Durchbruch nach Fukushima?
Vor einem Jahr stellte bild der wissenschaft verschiedene Ansätze vor, um Wind- und Sonnenstrom zu speichern. Seitdem hat sich viel bewegt – mit Rückenwind durch die Reaktorkatastrophe in Japan.

Segelboote kreuzen auf dem Rursee. Zwischendurch ist immer wieder ein Fahrgastschiff zu sehen. In acht Jahren, fürchten manche Bürger in den Eifelstädtchen rund um den zweitgrößten Stausee Deutschlands, wird es damit vorbei sein. Dann wird das Touristenziel das schnöde Unterbecken eines Pumpspeicherkraftwerks sein, bei dem der Wasserspiegel innerhalb weniger Stunden um bis zu zwei Meter steigt und fällt.

Kaum hatte Bundeskanzlerin Angela Merkel – unter dem Eindruck des Reaktorunglücks in Fukushima – die beschleunigte Energiewende verkündet, konnte das Aachener Unternehmen Trianel seinen Beitrag zur Lösung der Probleme präsentieren, die der massive Ausbau von Wind- und Solarstrom mit sich bringt. Bis 2019 baut das Unternehmen, das rund 50 Stadtwerken in Deutschland, Österreich und der Schweiz gehört, ein 640-Megawatt-Pumpspeicherkraftwerk am Rursee und eines mit 390 Megawatt im Weserbergland zwischen Höxter und Beverungen. Sie sollen überschüssigen Strom aufnehmen und ihn bei Windstille oder fehlender Sonne wieder ins Netz einspeisen.
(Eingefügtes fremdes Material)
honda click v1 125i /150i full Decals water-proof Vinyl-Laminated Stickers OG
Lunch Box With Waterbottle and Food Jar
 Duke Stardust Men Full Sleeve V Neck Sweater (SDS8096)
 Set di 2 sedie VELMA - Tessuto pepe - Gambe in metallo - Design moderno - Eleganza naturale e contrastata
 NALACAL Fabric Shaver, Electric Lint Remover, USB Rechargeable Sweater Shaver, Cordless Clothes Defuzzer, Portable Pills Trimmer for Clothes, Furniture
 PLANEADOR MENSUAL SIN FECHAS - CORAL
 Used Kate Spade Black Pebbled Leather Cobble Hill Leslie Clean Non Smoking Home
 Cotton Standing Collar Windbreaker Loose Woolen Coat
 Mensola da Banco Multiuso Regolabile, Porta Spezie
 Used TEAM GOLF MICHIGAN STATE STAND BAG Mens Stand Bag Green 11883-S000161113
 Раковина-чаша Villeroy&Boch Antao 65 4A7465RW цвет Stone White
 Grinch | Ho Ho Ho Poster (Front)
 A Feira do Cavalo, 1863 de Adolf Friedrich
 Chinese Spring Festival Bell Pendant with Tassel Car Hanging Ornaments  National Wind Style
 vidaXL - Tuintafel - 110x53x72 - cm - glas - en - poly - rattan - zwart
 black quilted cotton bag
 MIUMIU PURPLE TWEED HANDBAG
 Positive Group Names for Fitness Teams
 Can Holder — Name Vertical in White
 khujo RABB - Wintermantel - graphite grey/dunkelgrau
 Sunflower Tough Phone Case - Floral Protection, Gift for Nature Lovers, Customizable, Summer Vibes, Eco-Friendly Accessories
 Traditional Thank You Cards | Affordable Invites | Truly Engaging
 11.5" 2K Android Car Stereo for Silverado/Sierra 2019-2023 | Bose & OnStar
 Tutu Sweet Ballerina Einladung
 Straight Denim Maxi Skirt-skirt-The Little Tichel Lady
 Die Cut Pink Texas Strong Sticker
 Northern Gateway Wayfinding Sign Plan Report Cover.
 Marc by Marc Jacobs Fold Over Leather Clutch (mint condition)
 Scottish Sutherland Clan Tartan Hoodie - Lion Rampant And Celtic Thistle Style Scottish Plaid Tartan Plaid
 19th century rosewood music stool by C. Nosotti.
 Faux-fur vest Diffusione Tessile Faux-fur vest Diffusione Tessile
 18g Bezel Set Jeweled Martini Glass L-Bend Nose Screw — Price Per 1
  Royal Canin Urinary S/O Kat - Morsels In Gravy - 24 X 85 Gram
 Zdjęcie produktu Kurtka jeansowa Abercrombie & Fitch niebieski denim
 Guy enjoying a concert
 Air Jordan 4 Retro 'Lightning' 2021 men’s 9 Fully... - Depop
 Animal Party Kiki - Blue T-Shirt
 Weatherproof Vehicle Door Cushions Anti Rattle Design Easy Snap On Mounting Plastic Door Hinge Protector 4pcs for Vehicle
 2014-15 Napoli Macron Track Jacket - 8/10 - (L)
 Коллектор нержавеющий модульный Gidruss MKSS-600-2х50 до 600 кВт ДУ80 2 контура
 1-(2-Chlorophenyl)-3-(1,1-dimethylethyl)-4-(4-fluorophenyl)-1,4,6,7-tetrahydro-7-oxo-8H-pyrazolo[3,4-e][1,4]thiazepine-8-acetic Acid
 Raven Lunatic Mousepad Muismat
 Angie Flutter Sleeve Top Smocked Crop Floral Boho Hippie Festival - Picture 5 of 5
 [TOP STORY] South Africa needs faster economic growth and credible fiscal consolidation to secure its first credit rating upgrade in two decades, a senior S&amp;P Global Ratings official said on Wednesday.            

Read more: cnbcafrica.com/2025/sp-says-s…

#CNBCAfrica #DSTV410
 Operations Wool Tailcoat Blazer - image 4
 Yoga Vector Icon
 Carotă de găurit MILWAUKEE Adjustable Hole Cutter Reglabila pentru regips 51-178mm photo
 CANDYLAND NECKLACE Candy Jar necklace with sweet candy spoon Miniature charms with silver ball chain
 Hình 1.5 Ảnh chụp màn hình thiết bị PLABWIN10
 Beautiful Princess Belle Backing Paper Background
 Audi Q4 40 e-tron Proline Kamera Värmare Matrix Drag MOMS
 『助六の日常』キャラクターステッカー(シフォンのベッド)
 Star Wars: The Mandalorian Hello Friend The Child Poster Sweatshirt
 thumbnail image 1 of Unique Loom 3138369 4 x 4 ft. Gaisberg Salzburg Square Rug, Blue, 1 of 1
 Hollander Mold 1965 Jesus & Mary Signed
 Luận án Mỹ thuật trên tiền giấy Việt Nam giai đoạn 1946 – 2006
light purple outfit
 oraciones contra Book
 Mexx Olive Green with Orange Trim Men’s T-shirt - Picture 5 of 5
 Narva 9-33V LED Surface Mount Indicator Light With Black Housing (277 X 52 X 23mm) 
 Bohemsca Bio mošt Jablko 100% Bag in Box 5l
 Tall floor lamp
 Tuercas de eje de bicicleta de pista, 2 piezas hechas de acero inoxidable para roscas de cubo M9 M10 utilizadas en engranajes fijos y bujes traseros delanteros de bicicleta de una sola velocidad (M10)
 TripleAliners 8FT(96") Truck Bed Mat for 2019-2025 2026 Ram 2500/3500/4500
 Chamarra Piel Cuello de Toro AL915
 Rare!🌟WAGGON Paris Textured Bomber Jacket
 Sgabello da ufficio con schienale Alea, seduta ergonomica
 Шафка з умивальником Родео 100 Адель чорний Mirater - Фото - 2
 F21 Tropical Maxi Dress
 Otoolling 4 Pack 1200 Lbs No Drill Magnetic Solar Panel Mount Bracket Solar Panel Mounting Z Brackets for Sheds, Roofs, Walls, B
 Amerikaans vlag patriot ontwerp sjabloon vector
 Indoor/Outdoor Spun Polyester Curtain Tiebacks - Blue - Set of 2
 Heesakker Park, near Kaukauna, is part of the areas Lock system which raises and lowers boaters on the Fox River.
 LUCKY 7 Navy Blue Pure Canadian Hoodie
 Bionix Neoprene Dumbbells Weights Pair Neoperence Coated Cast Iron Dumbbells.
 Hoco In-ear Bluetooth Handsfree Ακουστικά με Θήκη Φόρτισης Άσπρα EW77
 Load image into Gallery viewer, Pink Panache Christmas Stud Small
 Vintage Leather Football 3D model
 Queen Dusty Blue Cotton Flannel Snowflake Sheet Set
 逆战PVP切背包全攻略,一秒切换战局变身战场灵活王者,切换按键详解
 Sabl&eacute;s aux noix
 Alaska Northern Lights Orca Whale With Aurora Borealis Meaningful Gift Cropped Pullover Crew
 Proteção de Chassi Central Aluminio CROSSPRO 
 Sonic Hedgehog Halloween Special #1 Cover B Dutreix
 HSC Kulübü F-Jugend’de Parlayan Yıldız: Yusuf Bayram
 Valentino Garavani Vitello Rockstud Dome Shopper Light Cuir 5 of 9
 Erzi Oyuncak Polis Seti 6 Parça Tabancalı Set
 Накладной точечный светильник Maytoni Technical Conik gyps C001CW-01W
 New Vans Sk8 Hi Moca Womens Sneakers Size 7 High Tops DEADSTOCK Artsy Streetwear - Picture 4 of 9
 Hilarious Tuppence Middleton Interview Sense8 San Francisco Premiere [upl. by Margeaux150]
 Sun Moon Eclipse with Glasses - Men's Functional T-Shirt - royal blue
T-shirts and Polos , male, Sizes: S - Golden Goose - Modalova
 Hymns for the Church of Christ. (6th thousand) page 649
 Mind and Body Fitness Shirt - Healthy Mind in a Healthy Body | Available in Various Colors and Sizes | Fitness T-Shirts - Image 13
Der Bedarf an Speichern ist gigantisch. Derzeit liegt die installierte Leistung in Deutschland bei rund 7000 Megawatt. Benötigt wird nach Ansicht von Experten künftig das 500-Fache. Die effektivsten Puffer für ein schwankendes Stromangebot sind Pumpspeicherkraftwerke. Doch, wie bdw in der Titelgeschichte „ Sonne und Wind endlich gebändigt“ in Ausgabe 10/2010 berichtet hat, galt deren weiterer Ausbau bisher als unwahrscheinlich, das Potenzial schien ausgeschöpft. Sven Becker, Sprecher der Trianel-Geschäftsführung, ließ dennoch eine Höhenprofilkarte Deutschlands scannen. Ziel war es, mögliche Standorte für neue große Pumpspeicherkraftwerke zu finden. Das Resultat: Die Scan-Software ermittelte rund 3000 geeignete Standorte in den Mittelgebirgen und am Alpenrand. Vier davon waren für das Aachener Unternehmen interessant, zwei werden jetzt gebaut – falls sich die Bedenken vieler Bürger ausräumen lassen. Auf jeden Fall wird es gewaltige Veränderungen geben. Rund drei Kilometer vom Rursee entfernt hat das Scan-Programm eine Bergkuppe ausgemacht, auf der der Obersee entstehen soll. Rund 3,8 Millionen Kubikmeter Erde und Gestein sollen aus der Kuppe gekratzt und rundherum als Wall abgelagert werden. So entsteht 240 Meter über dem Rursee ein Speicherbecken.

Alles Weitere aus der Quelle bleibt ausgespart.